Cardiovascular depressor responses to stimulation of substantia nigra and ventral tegmental area.

作者信息

Kirouac G J, Ciriello J

机构信息

Department of Physiology, University of Western Ontario, London, Canada.

出版信息

Am J Physiol. 1997 Dec;273(6):H2549-57. doi: 10.1152/ajpheart.1997.273.6.H2549.

Abstract

Experiments were done in alpha-chloralose-anesthetized, paralyzed, and artificially ventilated rats to investigate the effect of L-glutamate (Glu) stimulation of the substantia nigra (SN) and ventral tegmental area (VTA) on arterial pressure (AP) and heart rate (HR). Glu stimulation of the SN pars compacta (SNC) elicited decreases in both mean AP (MAP; -18.9 +/- 1.3 mmHg; n = 52) and HR (-26.1 +/- 1.6 beats/min; n = 46) at 81% of the sites stimulated. On the other hand, stimulation of the SN pars lateralis or pars reticulata did not elicit cardiovascular responses. Stimulation of the adjacent VTA region elicited similar decreases in MAP (-18.0 +/- 2.6 mmHg; n = 20) and HR (-25.4 +/- 3.8 beats/min; n = 17) at approximately 74% of the sites stimulated. Intravenous administration of the dopamine D2-receptor antagonist raclopride significantly attenuated both the MAP (70%) and the HR (54%) responses elicited by stimulation of the transitional region where the SNC merges with the lateral VTA (SNC-VTA region).
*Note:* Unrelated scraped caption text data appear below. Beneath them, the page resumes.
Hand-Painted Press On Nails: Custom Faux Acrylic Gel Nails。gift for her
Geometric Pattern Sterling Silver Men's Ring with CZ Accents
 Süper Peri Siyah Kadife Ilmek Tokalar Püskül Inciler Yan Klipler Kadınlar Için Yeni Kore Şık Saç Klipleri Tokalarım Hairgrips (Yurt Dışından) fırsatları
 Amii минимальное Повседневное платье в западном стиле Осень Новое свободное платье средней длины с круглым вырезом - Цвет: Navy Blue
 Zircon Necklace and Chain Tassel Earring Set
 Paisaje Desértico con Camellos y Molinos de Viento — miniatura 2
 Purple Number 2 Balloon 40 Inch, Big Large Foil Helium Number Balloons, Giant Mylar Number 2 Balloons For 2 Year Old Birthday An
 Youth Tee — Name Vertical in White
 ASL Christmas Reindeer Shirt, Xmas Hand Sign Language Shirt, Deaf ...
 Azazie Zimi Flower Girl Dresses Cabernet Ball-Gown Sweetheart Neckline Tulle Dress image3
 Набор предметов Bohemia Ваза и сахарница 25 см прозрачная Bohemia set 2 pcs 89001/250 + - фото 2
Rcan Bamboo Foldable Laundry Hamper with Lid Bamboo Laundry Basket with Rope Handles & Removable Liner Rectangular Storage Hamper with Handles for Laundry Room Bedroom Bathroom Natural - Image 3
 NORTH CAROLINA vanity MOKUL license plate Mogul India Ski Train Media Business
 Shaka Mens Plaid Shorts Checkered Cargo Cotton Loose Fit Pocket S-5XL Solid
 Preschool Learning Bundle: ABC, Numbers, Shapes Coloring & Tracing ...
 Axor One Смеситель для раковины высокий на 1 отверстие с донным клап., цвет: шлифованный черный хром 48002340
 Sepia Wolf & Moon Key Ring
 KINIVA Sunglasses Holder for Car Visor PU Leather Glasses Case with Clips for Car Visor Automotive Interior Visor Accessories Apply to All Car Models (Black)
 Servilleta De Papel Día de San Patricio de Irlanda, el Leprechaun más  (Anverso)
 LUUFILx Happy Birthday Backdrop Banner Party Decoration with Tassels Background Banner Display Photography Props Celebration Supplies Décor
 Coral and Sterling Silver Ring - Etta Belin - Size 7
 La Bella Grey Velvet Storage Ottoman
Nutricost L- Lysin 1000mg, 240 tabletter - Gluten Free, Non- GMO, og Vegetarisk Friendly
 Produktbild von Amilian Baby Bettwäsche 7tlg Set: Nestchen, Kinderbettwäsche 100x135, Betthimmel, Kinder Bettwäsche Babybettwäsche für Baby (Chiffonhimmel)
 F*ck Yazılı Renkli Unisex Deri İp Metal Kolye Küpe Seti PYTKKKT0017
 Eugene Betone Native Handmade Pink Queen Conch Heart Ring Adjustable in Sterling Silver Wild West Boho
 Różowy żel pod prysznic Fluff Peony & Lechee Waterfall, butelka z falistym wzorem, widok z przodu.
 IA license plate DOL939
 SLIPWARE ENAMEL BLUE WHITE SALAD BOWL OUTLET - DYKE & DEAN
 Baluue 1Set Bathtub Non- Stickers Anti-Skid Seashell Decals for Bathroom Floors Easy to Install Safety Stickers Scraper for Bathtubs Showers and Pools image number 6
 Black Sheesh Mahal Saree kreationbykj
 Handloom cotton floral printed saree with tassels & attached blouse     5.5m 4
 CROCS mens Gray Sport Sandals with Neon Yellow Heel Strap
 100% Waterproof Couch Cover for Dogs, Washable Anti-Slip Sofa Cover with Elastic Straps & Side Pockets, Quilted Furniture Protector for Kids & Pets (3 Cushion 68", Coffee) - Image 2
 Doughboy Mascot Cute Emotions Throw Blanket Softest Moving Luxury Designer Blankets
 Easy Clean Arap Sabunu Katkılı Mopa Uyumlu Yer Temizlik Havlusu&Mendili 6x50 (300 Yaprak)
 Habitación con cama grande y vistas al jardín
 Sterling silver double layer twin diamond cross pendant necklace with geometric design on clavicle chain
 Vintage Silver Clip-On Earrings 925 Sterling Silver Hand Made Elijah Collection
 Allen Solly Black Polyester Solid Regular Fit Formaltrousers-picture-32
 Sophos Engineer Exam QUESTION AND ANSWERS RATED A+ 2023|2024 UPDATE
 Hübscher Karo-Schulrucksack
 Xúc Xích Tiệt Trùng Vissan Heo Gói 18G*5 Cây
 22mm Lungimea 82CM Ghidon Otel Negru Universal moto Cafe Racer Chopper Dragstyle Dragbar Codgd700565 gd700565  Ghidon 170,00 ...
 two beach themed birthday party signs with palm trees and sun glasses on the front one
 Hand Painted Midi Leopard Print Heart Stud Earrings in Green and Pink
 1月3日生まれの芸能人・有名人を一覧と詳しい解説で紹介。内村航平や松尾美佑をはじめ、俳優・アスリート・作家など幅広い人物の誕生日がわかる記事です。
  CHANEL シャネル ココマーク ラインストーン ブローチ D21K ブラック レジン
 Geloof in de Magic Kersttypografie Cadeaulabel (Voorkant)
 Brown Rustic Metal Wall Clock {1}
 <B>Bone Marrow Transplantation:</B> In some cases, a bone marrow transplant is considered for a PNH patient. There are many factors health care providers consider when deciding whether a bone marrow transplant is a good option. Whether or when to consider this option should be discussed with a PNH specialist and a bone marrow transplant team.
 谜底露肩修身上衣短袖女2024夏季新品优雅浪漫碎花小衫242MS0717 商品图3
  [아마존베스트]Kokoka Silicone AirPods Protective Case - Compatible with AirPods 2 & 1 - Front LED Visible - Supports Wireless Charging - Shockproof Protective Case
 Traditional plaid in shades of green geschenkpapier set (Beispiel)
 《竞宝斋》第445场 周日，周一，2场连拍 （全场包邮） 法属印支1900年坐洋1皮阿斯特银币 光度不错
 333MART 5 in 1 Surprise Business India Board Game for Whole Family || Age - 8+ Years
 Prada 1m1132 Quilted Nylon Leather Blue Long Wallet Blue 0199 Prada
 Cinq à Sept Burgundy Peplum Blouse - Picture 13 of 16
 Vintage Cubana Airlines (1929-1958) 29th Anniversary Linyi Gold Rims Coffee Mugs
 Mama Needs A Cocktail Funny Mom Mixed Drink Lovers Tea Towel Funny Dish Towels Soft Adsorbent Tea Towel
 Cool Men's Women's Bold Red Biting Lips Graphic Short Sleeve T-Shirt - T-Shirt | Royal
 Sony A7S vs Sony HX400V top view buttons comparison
Intravenous administration of the muscarinic receptor blocker atropine methyl bromide had no effect on the magnitude of the MAP and HR responses to stimulation of the SNC-VTA region, whereas administration of the nicotinic receptor blocker hexamethonium bromide significantly attenuated both the depressor and the bradycardic responses. These data suggest that dopaminergic neurons in the SNC-VTA region activate a central pathway that exerts cardiovascular depressor effects that are mediated by the inhibition of sympathetic vasoconstrictor fibers to the vasculature and cardioacceleratory fibers to the heart.

摘要

实验在使用α-氯醛糖麻醉、麻痹并进行人工通气的大鼠身上进行,以研究L-谷氨酸(Glu)刺激黑质(SN)和腹侧被盖区(VTA)对动脉血压(AP)和心率(HR)的影响。刺激黑质致密部(SNC)的Glu在81%的刺激部位引起平均动脉压(MAP;-18.9±1.3 mmHg;n = 52)和心率(-26.1±1.6次/分钟;n = 46)下降。另一方面,刺激黑质外侧部或网状部未引起心血管反应。刺激相邻的VTA区域在约74%的刺激部位引起类似的MAP(-18.0±2.6 mmHg;n = 20)和心率(-25.4±3.8次/分钟;n = 17)下降。静脉注射多巴胺D2受体拮抗剂雷氯必利显著减弱了刺激SNC与外侧VTA融合的过渡区域(SNC-VTA区域)所引起的MAP(70%)和心率(54%)反应。静脉注射毒蕈碱受体阻滞剂甲基溴化阿托品对刺激SNC-VTA区域引起的MAP和心率反应幅度没有影响,而注射烟碱受体阻滞剂溴化六甲铵则显著减弱了降压和心动过缓反应。这些数据表明,SNC-VTA区域的多巴胺能神经元激活了一条中枢通路,该通路通过抑制对血管的交感缩血管纤维和对心脏的心动加速纤维来发挥心血管降压作用。